_Exercise instructions_
Please print every record that follows, keeping each one exactly as it is.

_Brief descriptive captions_

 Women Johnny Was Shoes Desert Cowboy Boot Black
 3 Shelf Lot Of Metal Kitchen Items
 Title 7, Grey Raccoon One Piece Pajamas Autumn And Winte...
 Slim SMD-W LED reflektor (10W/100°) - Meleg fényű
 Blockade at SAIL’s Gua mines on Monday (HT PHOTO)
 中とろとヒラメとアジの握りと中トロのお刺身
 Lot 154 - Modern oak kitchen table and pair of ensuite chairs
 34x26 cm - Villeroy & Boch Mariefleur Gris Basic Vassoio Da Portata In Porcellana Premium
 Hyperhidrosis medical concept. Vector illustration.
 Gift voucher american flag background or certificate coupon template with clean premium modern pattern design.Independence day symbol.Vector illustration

_Exercise solution_
 Women Johnny Was Shoes Desert Cowboy Boot Black
 3 Shelf Lot Of Metal Kitchen Items
 Title 7, Grey Raccoon One Piece Pajamas Autumn And Winte...
 Slim SMD-W LED reflektor (10W/100°) - Meleg fényű
 Blockade at SAIL’s Gua mines on Monday (HT PHOTO)
 中とろとヒラメとアジの握りと中トロのお刺身
 Lot 154 - Modern oak kitchen table and pair of ensuite chairs
 34x26 cm - Villeroy & Boch Mariefleur Gris Basic Vassoio Da Portata In Porcellana Premium
 Hyperhidrosis medical concept. Vector illustration.
 Gift voucher american flag background or certificate coupon template with clean premium modern pattern design.Independence day symbol.Vector illustration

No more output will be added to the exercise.